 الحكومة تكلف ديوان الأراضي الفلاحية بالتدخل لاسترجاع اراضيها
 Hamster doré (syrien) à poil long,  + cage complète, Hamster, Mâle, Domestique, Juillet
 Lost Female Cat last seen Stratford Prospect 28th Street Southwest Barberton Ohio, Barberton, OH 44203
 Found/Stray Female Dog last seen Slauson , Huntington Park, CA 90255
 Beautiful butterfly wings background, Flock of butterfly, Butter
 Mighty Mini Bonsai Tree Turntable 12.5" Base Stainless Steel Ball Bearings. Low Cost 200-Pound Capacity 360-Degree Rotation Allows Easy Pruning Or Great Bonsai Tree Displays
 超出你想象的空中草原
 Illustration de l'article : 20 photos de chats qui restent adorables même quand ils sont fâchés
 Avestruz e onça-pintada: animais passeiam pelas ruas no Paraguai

━━━━━━━━━━

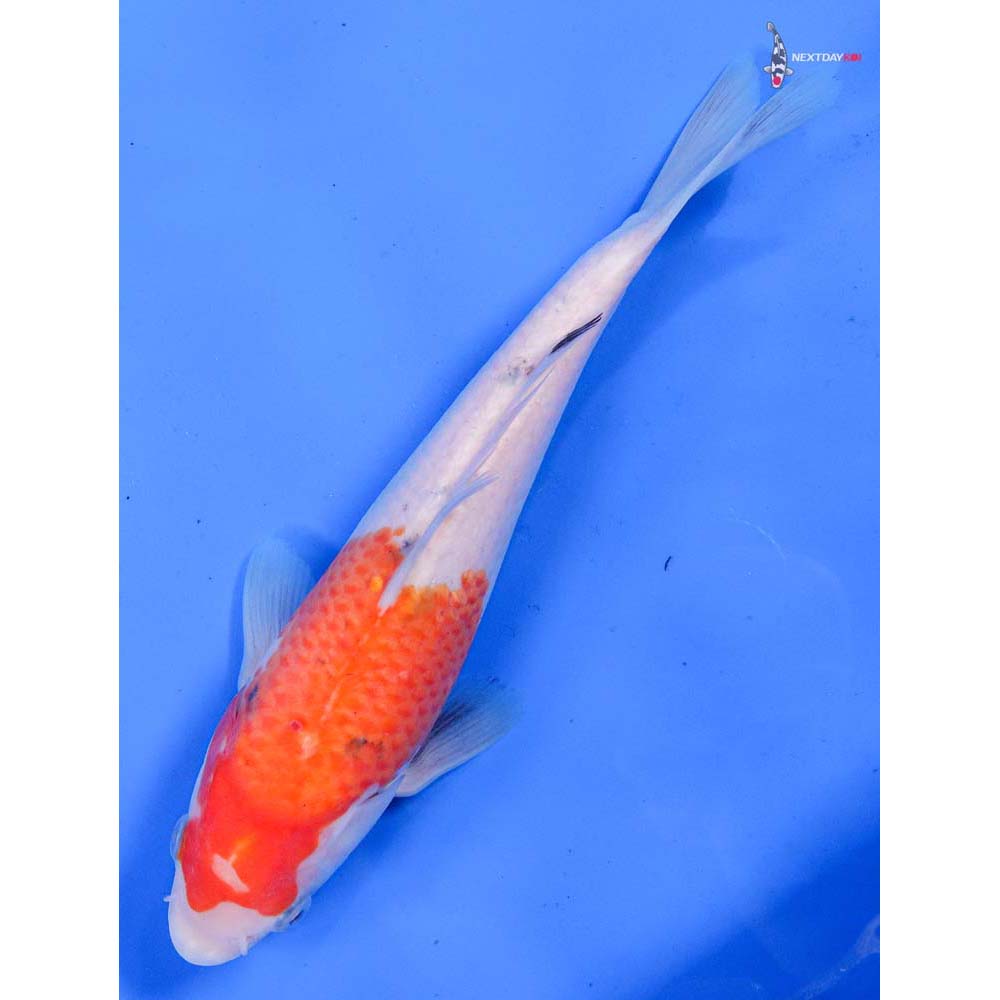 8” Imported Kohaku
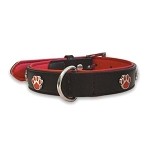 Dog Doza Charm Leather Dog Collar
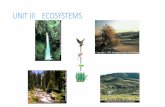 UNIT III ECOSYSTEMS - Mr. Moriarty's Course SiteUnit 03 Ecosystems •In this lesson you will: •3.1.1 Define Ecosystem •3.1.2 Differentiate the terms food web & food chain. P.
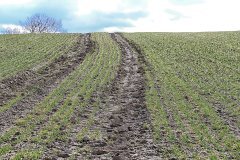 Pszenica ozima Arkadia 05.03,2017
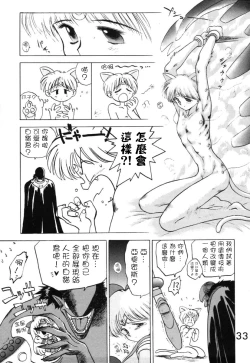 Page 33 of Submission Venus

━━━━━━━━━━

> _Exercise brief_
Copy from the entries only those lines that hold the word "last".

> _Solution to the exercise_
 Lost Female Cat last seen Stratford Prospect 28th Street Southwest Barberton Ohio, Barberton, OH 44203
 Found/Stray Female Dog last seen Slauson , Huntington Park, CA 90255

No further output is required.